**** MATERIAL FOR THIS EXERCISE ****

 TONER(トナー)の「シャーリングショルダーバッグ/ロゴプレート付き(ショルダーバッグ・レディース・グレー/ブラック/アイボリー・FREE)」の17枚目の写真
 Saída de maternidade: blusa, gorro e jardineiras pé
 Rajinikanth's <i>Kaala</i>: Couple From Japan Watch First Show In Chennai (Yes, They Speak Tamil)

****
**** MATERIAL FOR THIS EXERCISE ****

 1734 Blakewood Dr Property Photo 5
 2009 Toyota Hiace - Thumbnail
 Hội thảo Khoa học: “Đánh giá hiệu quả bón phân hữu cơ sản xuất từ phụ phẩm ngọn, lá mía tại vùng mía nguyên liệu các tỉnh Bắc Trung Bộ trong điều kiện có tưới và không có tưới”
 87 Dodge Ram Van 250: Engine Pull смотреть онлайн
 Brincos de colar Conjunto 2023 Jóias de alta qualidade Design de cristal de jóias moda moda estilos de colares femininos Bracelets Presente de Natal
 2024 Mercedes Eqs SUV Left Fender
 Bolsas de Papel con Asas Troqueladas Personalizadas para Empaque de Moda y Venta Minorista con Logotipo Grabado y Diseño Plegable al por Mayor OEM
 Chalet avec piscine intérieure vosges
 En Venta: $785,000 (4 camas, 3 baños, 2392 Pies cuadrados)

****

_TASK INSTRUCTIONS_: Starting with the line that holds "1734 Blakewood Dr Property Photo 5" and ending with the line that holds "En Venta: $785,000", retype every line in the data above exactly, and nothing else.

_OUTPUT FOR THIS TASK_:
 1734 Blakewood Dr Property Photo 5
 2009 Toyota Hiace - Thumbnail
 Hội thảo Khoa học: “Đánh giá hiệu quả bón phân hữu cơ sản xuất từ phụ phẩm ngọn, lá mía tại vùng mía nguyên liệu các tỉnh Bắc Trung Bộ trong điều kiện có tưới và không có tưới”
 87 Dodge Ram Van 250: Engine Pull смотреть онлайн
 Brincos de colar Conjunto 2023 Jóias de alta qualidade Design de cristal de jóias moda moda estilos de colares femininos Bracelets Presente de Natal
 2024 Mercedes Eqs SUV Left Fender
 Bolsas de Papel con Asas Troqueladas Personalizadas para Empaque de Moda y Venta Minorista con Logotipo Grabado y Diseño Plegable al por Mayor OEM
 Chalet avec piscine intérieure vosges
 En Venta: $785,000 (4 camas, 3 baños, 2392 Pies cuadrados)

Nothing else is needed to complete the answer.